Apart from the pictures, reproduce the data below exactly as it stands.

PROVIDED DATA:
..........

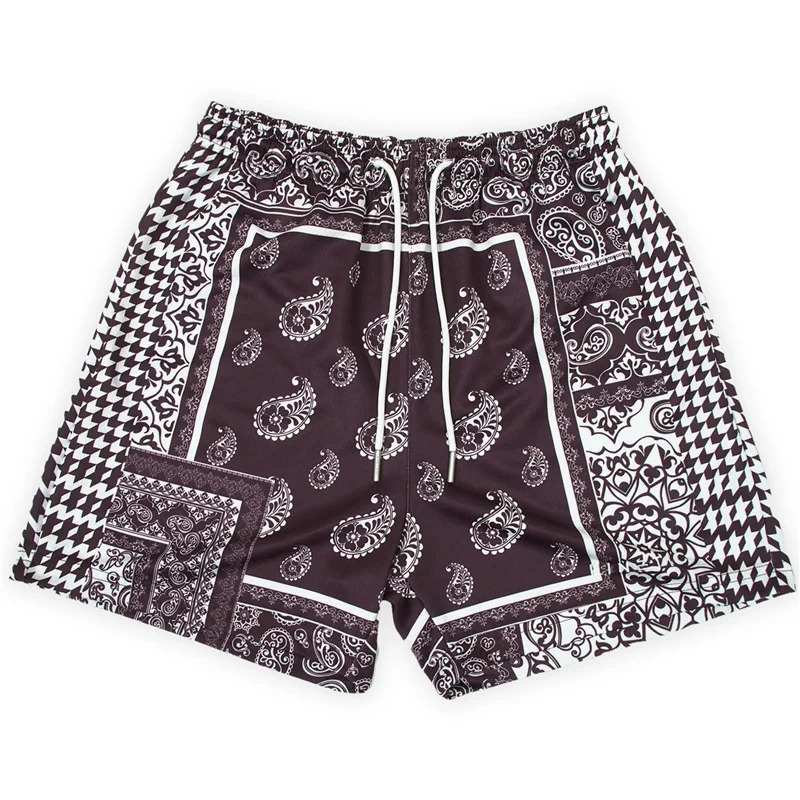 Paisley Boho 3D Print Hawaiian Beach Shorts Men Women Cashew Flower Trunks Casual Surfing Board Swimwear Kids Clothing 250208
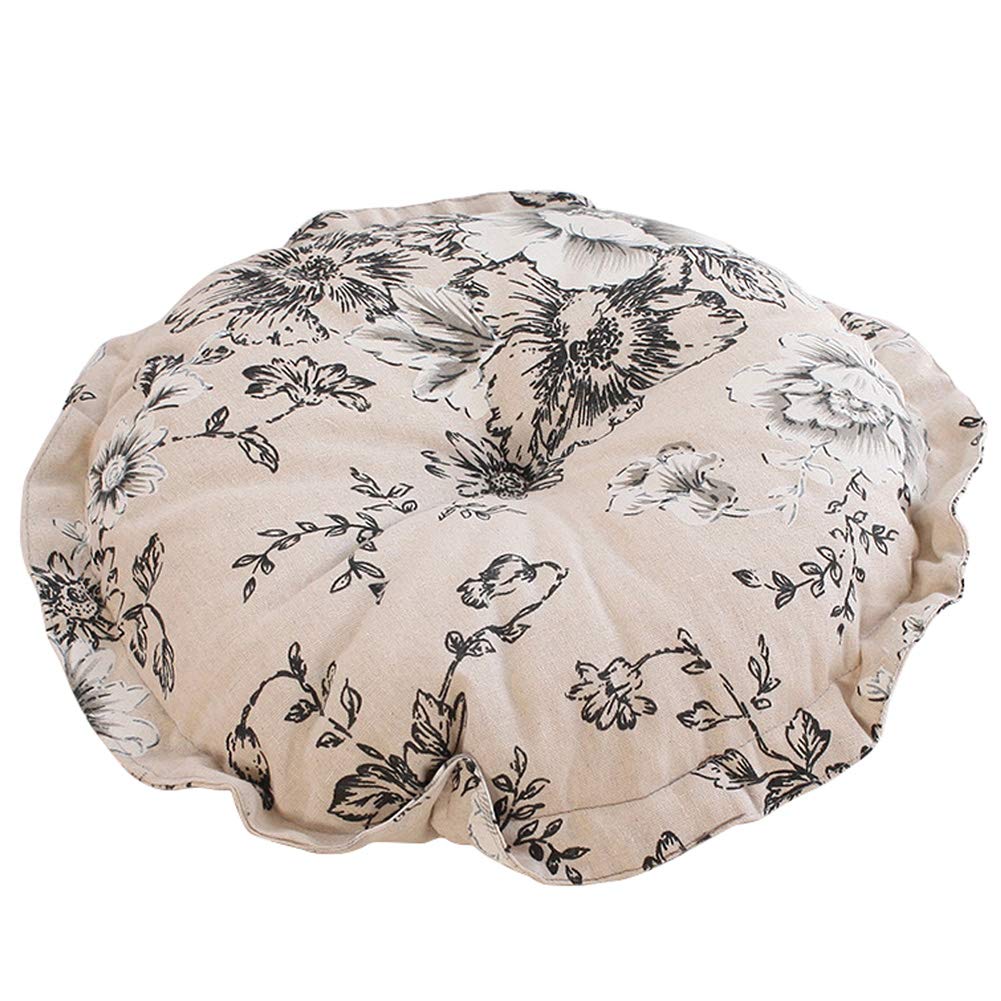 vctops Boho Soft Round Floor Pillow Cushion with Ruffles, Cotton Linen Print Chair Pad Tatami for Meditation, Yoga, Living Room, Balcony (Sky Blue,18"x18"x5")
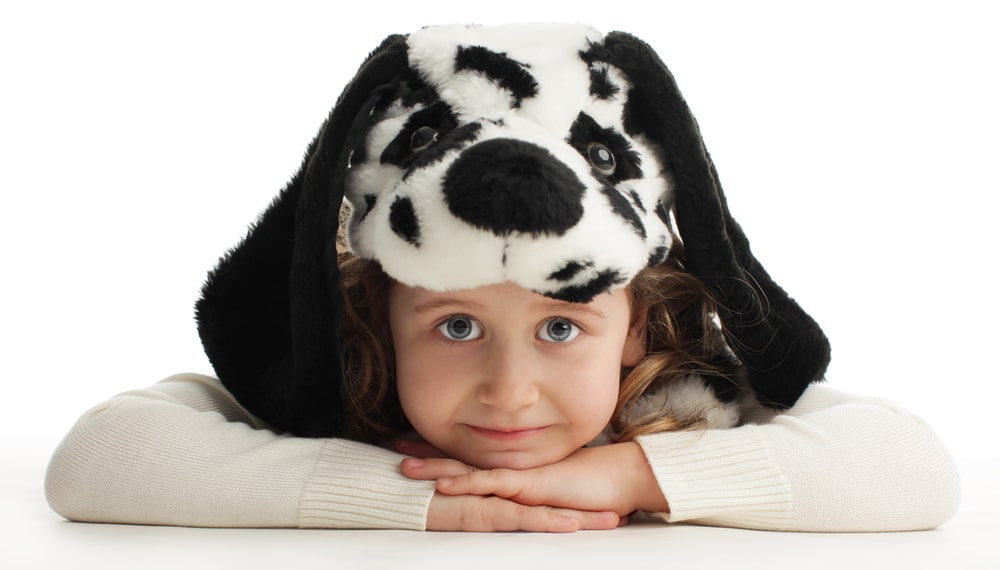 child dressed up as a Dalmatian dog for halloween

..........

ANSWER BOX:
 Paisley Boho 3D Print Hawaiian Beach Shorts Men Women Cashew Flower Trunks Casual Surfing Board Swimwear Kids Clothing 250208
 vctops Boho Soft Round Floor Pillow Cushion with Ruffles, Cotton Linen Print Chair Pad Tatami for Meditation, Yoga, Living Room, Balcony (Sky Blue,18"x18"x5")
 child dressed up as a Dalmatian dog for halloween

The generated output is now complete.